The Slovak Republic entered the Eurozone on the New Year’s at midnight, accomplishing a process that started in 2005. Slovakia has become the 16th country to enter the zone, second only among former post-communist countries and the first country ever to change the parity between the domestic currency and the euro twice during the process. The original parity started at SKK 35.442 but closed at SKK 30.126, resulting in an appreciation of 17.64%.
Former Finance Minister Ivan Mikloš told Aktuálně.cz that the plan for euro adoption met with no opposition in the then right-wing government, except from the Christian Democrats (KDH) who rejected the euro for ideological reasons, and was also supported by the National Bank of Slovakia. Mikloš added that the process also helped promote the difficult reforms necessary for the country in order to meet the strict Maastricht criteria. He also said that without the reforms of the former cabinet, current cabinet would not have been able to introduce the euro. Slovak Prime Minister Robert Fico said,”In the current world economic crisis, the euro represents a psychological tool that will strengthen our confidence.” Finance Minister Ján Počiatek said the euro will present a protective shield for the Slovak economy. Economists quoted by Mladá fronta Dnes generally agree that the euro will protect the Slovak economy better than crown during the crisis.
Due to the currency change, ATM machines and petrol stations were shut down for some hours on the New Year’s night, but the very first withdrawal took place only one minute and 40 seconds after midnight. E15 quotes Marcel Laznia from the Slovak bank association, who confirmed that the network of bank cards, ATM machines and payment terminals was fully functioning two hours after midnight on New Year’s Day.
The Slovak crown will be accepted in ordinary businesses until 16 January. Banks will exchange Slovak coins free of charge until 30 June and banknotes until the end of the year. The national bank will be exchanging Slovak crowns without limit, though coins only until 2013.

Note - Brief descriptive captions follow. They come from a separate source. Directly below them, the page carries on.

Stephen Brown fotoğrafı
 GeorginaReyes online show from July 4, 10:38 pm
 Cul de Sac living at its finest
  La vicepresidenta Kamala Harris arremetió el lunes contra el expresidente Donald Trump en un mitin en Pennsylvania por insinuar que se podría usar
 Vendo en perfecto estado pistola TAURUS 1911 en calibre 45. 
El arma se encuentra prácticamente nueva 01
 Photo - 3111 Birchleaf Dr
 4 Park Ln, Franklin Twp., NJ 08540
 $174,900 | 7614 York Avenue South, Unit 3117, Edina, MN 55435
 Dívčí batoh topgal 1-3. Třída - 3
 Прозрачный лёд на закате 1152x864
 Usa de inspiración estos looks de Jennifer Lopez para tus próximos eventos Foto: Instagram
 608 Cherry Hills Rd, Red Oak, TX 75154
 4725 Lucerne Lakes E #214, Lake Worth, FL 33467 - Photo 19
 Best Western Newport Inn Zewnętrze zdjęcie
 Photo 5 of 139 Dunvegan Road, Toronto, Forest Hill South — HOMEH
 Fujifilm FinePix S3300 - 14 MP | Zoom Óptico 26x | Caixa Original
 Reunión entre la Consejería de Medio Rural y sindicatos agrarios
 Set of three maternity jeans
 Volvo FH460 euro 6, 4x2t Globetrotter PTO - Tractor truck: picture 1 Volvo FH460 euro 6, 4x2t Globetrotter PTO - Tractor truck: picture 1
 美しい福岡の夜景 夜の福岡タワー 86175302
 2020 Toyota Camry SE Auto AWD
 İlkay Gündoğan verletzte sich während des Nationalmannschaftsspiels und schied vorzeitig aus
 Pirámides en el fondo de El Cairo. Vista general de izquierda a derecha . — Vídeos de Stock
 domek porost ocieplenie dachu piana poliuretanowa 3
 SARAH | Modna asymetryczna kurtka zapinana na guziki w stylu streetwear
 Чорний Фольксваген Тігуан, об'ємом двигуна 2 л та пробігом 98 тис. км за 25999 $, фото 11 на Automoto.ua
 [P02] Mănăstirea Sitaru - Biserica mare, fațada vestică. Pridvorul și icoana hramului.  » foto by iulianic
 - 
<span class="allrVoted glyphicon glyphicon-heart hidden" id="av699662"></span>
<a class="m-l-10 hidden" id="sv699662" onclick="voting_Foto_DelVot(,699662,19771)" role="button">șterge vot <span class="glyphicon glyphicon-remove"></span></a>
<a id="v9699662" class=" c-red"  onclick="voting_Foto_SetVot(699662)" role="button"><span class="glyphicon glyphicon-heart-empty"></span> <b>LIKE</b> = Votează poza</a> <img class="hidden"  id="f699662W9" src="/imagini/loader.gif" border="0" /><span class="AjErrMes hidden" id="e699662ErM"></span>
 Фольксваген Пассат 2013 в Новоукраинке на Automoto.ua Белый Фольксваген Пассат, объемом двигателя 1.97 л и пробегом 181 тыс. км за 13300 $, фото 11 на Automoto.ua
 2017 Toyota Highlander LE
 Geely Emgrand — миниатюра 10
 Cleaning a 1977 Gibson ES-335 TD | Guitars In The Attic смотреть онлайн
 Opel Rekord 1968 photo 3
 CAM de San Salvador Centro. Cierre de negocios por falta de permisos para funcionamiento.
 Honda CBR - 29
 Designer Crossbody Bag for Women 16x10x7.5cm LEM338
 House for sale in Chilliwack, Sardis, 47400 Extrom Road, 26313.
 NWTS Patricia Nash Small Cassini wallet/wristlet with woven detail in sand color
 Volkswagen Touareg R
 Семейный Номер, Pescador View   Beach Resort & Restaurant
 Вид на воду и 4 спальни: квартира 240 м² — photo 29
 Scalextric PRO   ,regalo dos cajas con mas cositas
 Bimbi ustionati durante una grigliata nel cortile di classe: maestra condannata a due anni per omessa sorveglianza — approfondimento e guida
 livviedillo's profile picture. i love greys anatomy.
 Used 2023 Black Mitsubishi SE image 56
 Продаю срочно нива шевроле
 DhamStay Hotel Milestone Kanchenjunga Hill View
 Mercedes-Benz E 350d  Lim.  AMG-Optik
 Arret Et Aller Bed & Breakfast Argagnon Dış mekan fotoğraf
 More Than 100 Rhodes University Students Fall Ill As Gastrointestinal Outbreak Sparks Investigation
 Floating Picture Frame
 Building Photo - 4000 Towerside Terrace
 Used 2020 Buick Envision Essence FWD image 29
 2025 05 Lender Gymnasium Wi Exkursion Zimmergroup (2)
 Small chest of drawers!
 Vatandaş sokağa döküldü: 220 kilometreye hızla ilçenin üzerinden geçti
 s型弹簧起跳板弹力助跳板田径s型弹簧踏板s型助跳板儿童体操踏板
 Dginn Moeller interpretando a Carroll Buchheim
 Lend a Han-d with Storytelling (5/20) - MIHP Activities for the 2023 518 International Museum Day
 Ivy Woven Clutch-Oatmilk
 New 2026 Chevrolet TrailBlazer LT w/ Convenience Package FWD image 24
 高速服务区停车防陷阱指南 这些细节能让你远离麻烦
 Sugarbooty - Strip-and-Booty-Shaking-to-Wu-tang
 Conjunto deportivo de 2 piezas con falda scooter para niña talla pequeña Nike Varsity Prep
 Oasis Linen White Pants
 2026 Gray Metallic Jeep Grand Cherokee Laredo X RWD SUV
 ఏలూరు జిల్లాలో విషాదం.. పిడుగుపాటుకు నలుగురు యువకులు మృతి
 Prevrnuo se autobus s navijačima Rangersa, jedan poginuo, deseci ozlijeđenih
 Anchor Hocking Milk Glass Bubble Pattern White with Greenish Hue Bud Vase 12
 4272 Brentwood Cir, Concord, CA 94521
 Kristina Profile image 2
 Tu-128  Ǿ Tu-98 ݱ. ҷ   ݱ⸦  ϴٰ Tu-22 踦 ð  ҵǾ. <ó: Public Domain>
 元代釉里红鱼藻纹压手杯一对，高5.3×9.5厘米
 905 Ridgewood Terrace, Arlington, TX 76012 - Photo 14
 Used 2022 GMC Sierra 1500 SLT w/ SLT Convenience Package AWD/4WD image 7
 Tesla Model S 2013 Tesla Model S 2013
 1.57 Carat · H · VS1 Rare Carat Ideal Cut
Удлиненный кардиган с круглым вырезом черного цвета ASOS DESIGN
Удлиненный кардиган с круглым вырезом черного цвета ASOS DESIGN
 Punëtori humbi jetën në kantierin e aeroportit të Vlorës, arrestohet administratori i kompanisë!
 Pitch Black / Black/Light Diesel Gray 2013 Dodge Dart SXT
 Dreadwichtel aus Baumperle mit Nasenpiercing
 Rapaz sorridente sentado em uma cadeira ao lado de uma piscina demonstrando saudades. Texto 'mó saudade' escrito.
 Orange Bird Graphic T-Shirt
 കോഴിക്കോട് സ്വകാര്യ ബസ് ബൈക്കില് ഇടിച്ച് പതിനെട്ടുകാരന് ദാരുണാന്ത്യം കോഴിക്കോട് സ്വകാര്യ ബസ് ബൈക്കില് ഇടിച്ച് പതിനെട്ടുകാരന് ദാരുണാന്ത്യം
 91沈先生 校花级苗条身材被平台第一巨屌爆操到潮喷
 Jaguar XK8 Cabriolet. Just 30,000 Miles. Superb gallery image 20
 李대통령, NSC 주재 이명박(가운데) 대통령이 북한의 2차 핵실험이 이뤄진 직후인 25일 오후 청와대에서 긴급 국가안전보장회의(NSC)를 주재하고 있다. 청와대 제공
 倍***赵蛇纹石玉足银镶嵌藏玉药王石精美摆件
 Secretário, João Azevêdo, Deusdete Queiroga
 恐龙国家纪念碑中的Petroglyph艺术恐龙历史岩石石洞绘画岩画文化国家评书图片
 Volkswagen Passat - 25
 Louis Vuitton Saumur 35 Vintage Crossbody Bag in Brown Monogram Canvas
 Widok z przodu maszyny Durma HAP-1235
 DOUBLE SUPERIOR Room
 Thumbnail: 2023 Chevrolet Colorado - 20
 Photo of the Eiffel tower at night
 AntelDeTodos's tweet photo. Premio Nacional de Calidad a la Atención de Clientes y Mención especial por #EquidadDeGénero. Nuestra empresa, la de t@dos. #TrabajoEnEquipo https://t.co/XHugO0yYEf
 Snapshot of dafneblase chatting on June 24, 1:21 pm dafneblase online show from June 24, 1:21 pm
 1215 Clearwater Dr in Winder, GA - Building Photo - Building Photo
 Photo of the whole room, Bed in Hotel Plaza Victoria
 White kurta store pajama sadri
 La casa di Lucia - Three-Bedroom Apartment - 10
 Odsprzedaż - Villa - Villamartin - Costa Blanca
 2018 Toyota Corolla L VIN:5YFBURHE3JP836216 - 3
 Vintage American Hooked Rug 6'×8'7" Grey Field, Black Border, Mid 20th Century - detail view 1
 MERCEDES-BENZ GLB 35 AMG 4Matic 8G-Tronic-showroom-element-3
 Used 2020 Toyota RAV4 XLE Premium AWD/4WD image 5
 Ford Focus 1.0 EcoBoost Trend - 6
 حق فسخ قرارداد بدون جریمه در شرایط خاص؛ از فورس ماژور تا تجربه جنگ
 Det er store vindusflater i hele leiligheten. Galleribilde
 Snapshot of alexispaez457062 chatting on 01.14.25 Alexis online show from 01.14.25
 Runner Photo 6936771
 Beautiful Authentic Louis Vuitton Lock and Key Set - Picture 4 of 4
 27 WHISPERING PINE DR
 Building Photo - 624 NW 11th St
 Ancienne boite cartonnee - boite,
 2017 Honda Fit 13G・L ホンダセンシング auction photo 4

Despite the lack of any panic or excessive worry connected to the euro adoption, the majority of Slovaks (some 48%) say they think the euro will have a negative impact on them personally while only 41% expect the opposite, an MVK agency poll shows. Mladá fronta Dnes quotes a shop assistant from the village Demänovská Dolina saying that she is afraid of the euro since she thinks it will be difficult to learn to work with at her age.